What is Zoetrope?
Zoetrope is an open-source tool created to facilitate the collection, processing, and analysis of Google Street View data across time and geographies. The tool aims to serve the diverse community of city enthusiasts, urban planners, researchers, and others interested in exploring the richness of temporal street view imagery, without having to navigate single year panoramas through manually interfacing with Google Maps and Street View. For example, a Zoetrope user can browse individual street addresses or sample from neighbourhoods to look at how an address or the neighbourhood's streetscape changes over the years, potentially identifying physical indicators of growth, gentrification, or dilapidation in recent years.

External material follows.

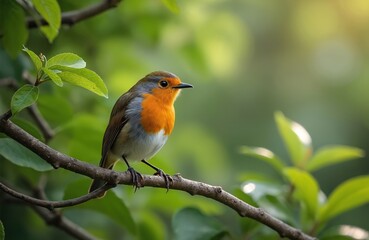 Fototapeta premium European robin perches on a tree branch in soft green foliage. Small bird shows bright orange breast and grey wings. Nature scene with blurred bokeh background.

Zoetrope was originally developed as part of the Urban Displacement Project at UC Berkeley and is currently hosted by the School of Cities at the University of Toronto. Zoetrope's public GitHub repository is available as part of the School of Cities organization. As an open-source project, Zoetrope is also accessible for programmers seeking to adapt and customize their own Zoetrope; however, Zoetrope is not taking contributions at this time. Zoetrope creates a graphical user interface (GUI) to improve access to street view panoramas over time grabbed using the streetview python library by Adrian Letchford and the Google Maps API.
Why is it called Zoetrope?
The name Zoetrope was chosen to reflect the magic of early advances in animation, which created the illusion of motion by rotating static images over a cylinder. Similarly, the Zoetrope tool hopes to provide new perspectives of the places around us and the changes that occur to them over time.
About the Developers
Q Chen is a data analyst at the University of Toronto's School of Cities, and currently maintains Zoetrope and develops new features for the tool.

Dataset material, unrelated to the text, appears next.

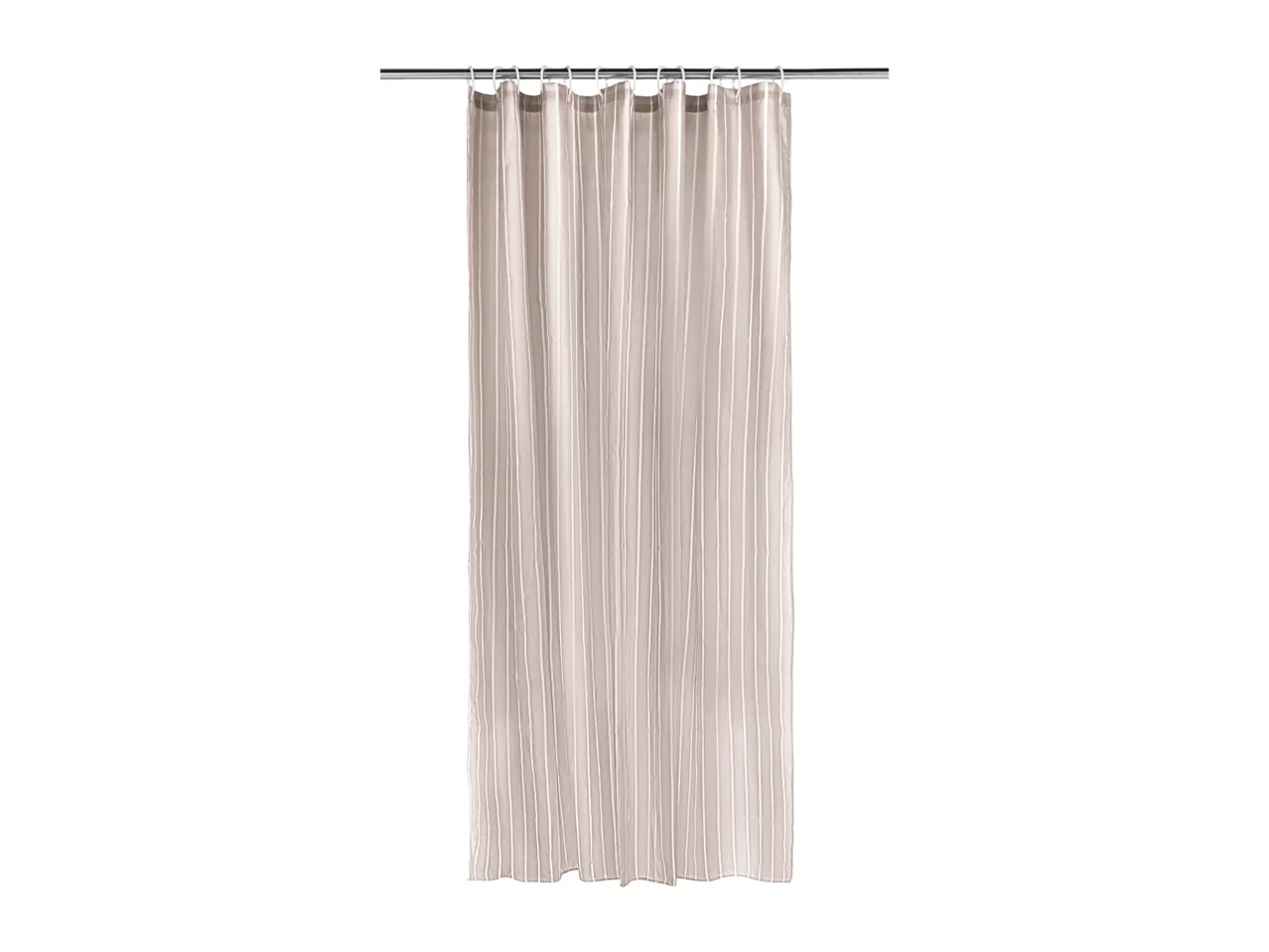 Beige shower curtain with vertical stripes hanging on a silver rod with white rings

Shayan Ghosh is a software engineer at Amazon Web Services and was the primary developer of Zoetrope during his undergraduate studies at UC Berkeley. He is passionate about equitable housing and transportation.
Moulay-Zaidane Draidia is a data scientist at Laurel interested in the socially driven and conscientious use of Machine Learning. He first began work on Zoetrope as an undergraduate student at UC Berkeley, eager to explore how people perceived changes in their environments.